== Stored data ==
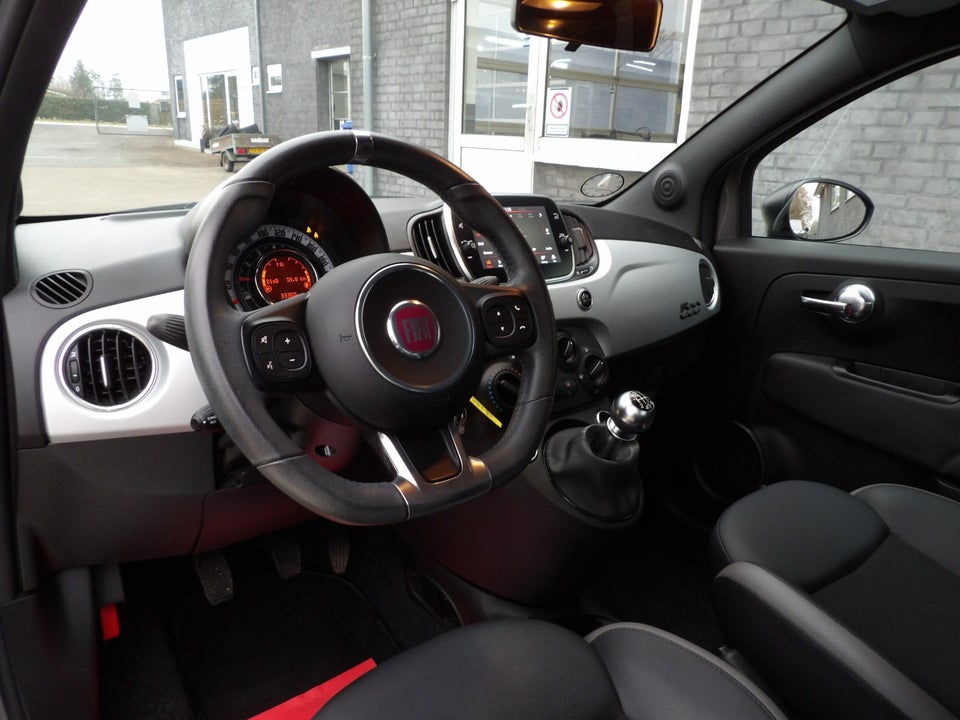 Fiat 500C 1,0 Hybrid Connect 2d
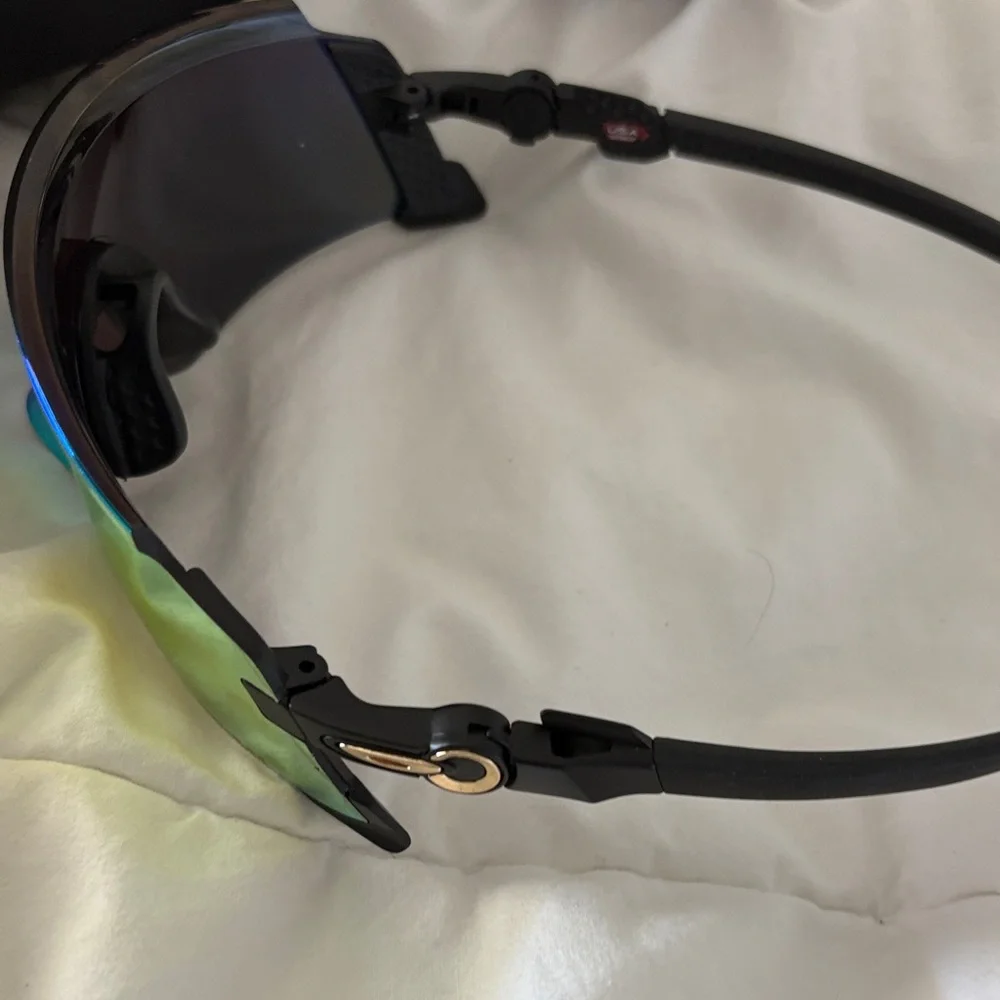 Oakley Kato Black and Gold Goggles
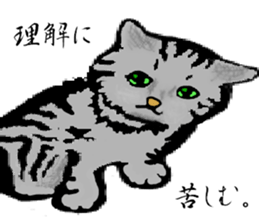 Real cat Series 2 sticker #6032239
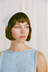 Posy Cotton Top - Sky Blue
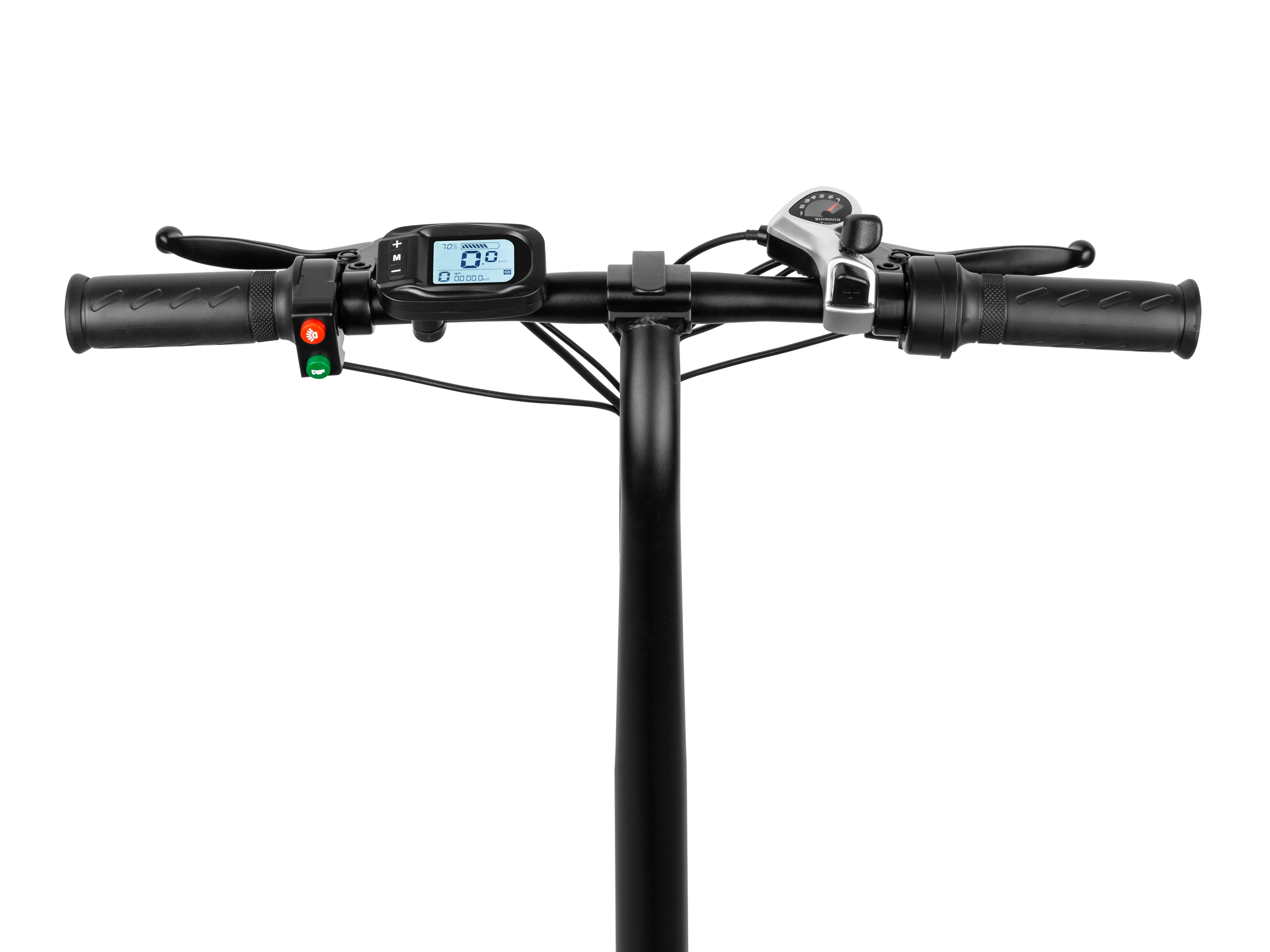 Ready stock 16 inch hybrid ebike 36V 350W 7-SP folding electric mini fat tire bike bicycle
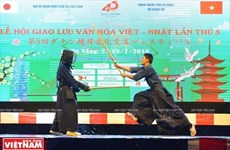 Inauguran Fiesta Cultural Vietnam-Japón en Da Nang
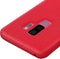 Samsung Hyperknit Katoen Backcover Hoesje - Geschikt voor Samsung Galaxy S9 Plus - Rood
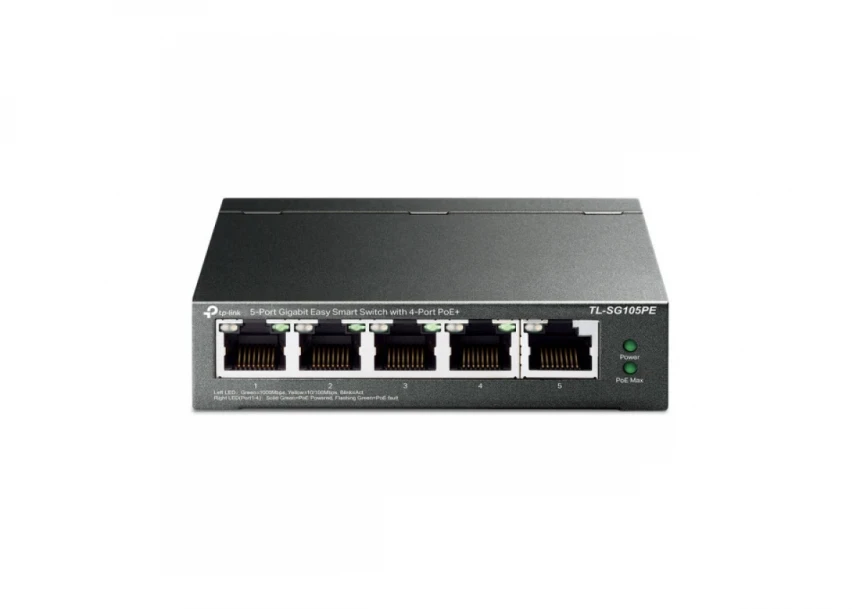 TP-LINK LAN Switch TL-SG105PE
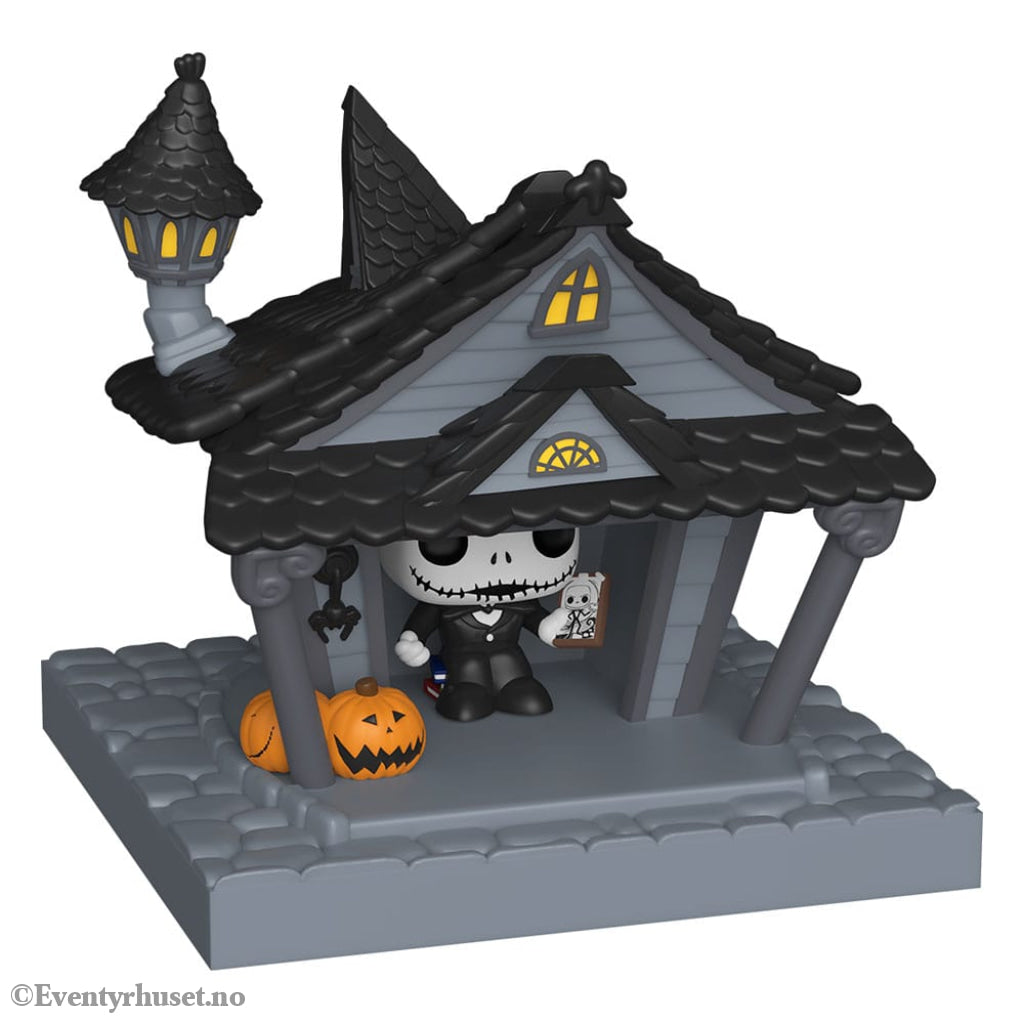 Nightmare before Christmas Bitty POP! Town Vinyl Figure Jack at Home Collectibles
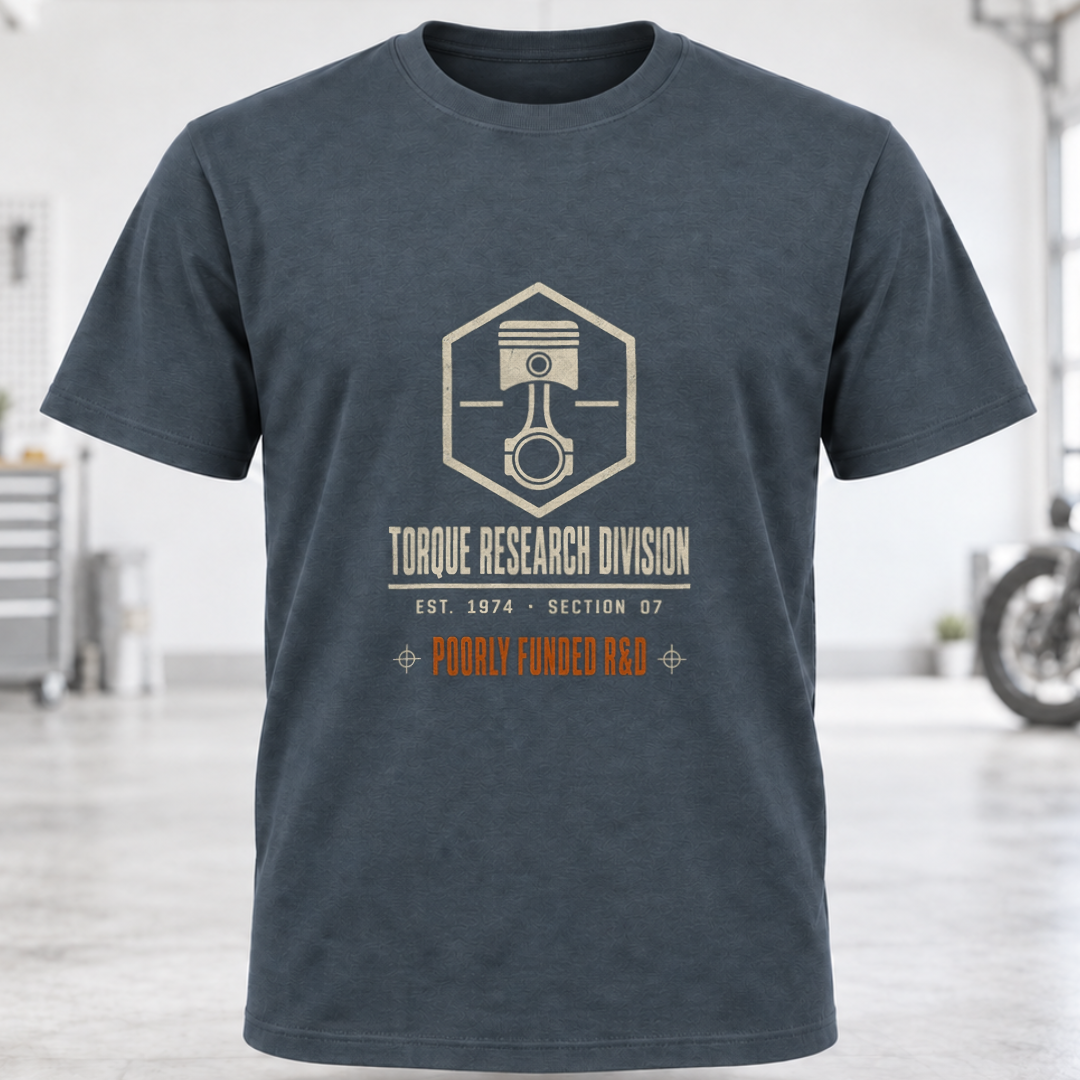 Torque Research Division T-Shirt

== What to work on ==
Going by the entries above, repeat exactly the lines that start at the line with "Posy Cotton Top - Sky Blue" and go on through the line with "Nightmare before Christmas". Pictures are not part of the copy.

== Solved exercise ==
 Posy Cotton Top - Sky Blue
 Ready stock 16 inch hybrid ebike 36V 350W 7-SP folding electric mini fat tire bike bicycle
 Inauguran Fiesta Cultural Vietnam-Japón en Da Nang
 Samsung Hyperknit Katoen Backcover Hoesje - Geschikt voor Samsung Galaxy S9 Plus - Rood
 TP-LINK LAN Switch TL-SG105PE
 Nightmare before Christmas Bitty POP! Town Vinyl Figure Jack at Home Collectibles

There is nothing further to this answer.